The basic ALACE has three subsystems: hydraulics, microprocessors and data transmission. The hydraulics control buoyancy adjustment via an inflatable external bladder, so the float can surface and dive; the microprocessors deal with function control and scheduling; and the data transmission system looks after the sending of messages to SystĖme Argos satellites. The float mass is only 23 kg, a substantial reduction over the quarter-tonne SOFAR float. The maximum operating depth for the aluminium pressure case is 2000 m, with a crush depth of over 2600 m. PALACEs typically have temperature and conductivity sensors added so that, when combined with the pressure sensor data, each float ascent is also a temperature-depth or CTD profile. A PALACE is a few kg heavier and 15-20 cm longer than an ALACE. The rise speed is faster than the dive speed because the buoyancy force is intentionally made larger by pumping. A float will take an hour or two to surface at a vertical velocity of 10-20 cm/s, while it will sink at about 5 cm/s.

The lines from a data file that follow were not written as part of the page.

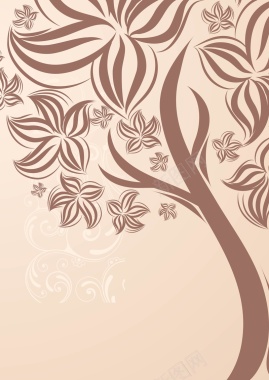 植物树木底纹海报背景矢量图背景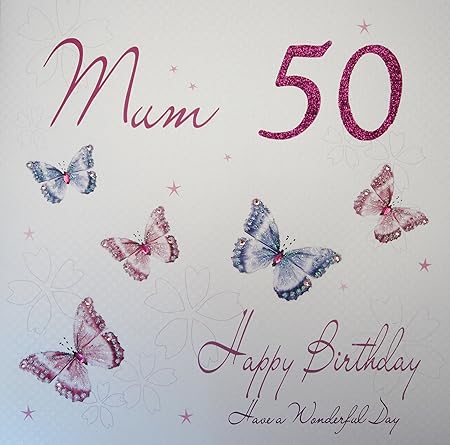 White Cotton Cards Large Xlwbm50 Papillons Inscription 50 Ans Joyeux Anniversaire Carte D Anniversaire Faite A La Main Amazon Fr Cuisine Maison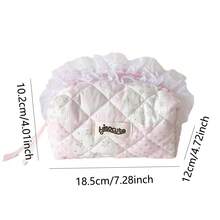 1 Buah Tas Kosmetik Berbahan Renda dengan Hiasan Pita, Tas Penyimpanan Kapasitas Besar, Tas Kosmetik Penyimpanan Mewah dengan Pinggiran Renda - MultiWarna - View 3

The ALACE design had some limitations, however. In particular, it could not reduce its buoyancy under pressure, so it could not profile downwards from its drift depth; its internal oil bladder (the reservoir used for filling the external bladder) ruptured at high accelerations, so it could not be deployed from aircraft or from the decks of merchant ships at speed; its energy efficiency was compromised by the high pressure pump, used to move the oil between the reservoir and the external bladder - the pump was inefficient near the surface; and all in all, it was felt that it could be made more reliable.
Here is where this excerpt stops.